Key challenges and opportunities in implementing prevention in RA

Completion of ongoing clinical trials to learn the efficacy of the agents and approaches that are evaluated Development of improved prediction models (including for seronegative RA) Identification of relevant biologic pathways for prevention that may be unique to the Pre-RA period May be from ongoing or future trials and observational studies and include biology of non-articular sites (e.g. mucosal sites) Includes understanding of the pathophysiology of autoimmunity and joint symptoms in absence of clearly definable IA Effective strategies to identify individuals who are at sufficiently high risk for RA that preventive approaches may be considered Incorporates accurate prediction models and individuals’ preferences May include public health awareness campaigns and broad population screening Clear understanding of the role of imaging in diagnosis and management in Pre-RA Development of clear and informative nomenclature Aligns with biology of disease Effective in communicating with stakeholders Optimization of stakeholder participation in prevention Individuals at-risk Clinical rheumatologists Research community Funding agencies Pharmaceutical, biotechnology and diagnostic industries Health care and insurance agencies Governmental agencies who can implement policy around prevention

Improving prediction

Accurate prediction of future IA/RA is a critical aspect of prevention. While models to-date have supported clinical trials, there are several important challenges. First, not all subjects with abnormalities of RA-related autoantibodies, even ACPA, or other factors (e.g. articular symptoms) develop IA/RA within the time-periods of prospective study (Table 1). This could be because retrospective studies have shown that autoantibodies may be elevated >10 years prior to RA diagnosis (12, 21), and few prospective studies have been conducted that long. However, this also suggests that some individuals may develop RA-related autoimmunity and even some articular symptoms, yet never develop clinically-apparent IA. Moreover, there is a growing understanding that RA-related autoantibody positivity may be lost over time in at-risk individuals (35) (although in one study some individuals lost autoantibody positivity Pre-RA yet still later developed RA (21)), or that autoantibodies may only be detectable after IA has developed (44). Furthermore, while there are multiple commercial assays for ACPA available, they do not have the same diagnostic accuracies in established RA, and these differences may be more pronounced in Pre-RA (45). Also, given most biomarkers in RA have been developed in established disease, there may be additional discovery of biomarkers that are more appropriate for understanding Pre-RA and in particular to identify transitions from benign to pathogenic autoimmunity.

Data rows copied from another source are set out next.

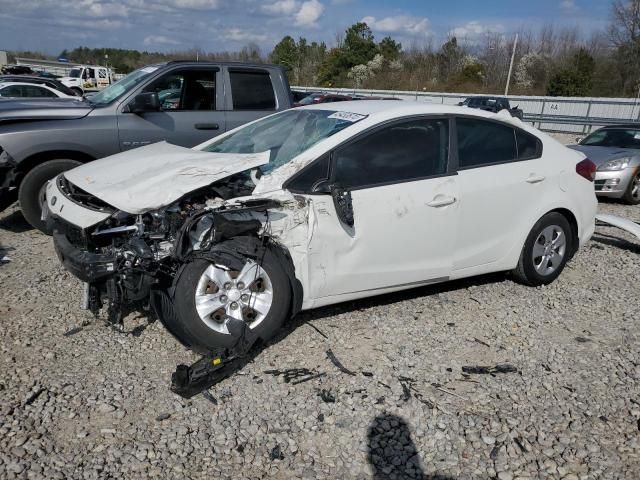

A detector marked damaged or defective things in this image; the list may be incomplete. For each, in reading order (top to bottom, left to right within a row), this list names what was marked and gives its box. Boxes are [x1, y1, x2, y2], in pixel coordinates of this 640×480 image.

crumpled hood [0, 97, 92, 122]
crumpled hood [66, 140, 272, 213]
crumpled hood [568, 144, 636, 167]
detached bumper piece [53, 232, 117, 284]
broken headlight area [51, 174, 286, 328]
damaged white car [46, 101, 600, 354]
detached bumper piece [171, 316, 262, 398]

Some additional challenges in prediction are that most prospective studies utilize autoantibody positive subjects identified because they sought care for joint symptoms; therefore, studies are needed to understand prediction in individuals who have minimal joint symptoms, or who are asymptomatic, because these are types of individuals who might be identified if population-based testing for RA biomarkers was performed. In addition, while most predictive models have primarily focused on autoantibodies, an entity termed Clinically Suspect Arthralgia (CSA) has been identified that uses a combination of self-reported symptoms and examination findings that has a PPV for future RA of ~30%, although in some scenarios, much lower (~3%)(46). Furthermore, some models have utilized genetic factors instead of autoantibodies to estimate risk of seropositive as well as sero-negative RA (47). As such, going forward, if diagnostic accuracy is sufficiently high, symptoms and other non-autoantibody factors may be used to identify individuals at sufficiently high risk for future RA that preventive interventions may be considered; importantly, these approaches may be especially helpful for prediction of seronegative RA.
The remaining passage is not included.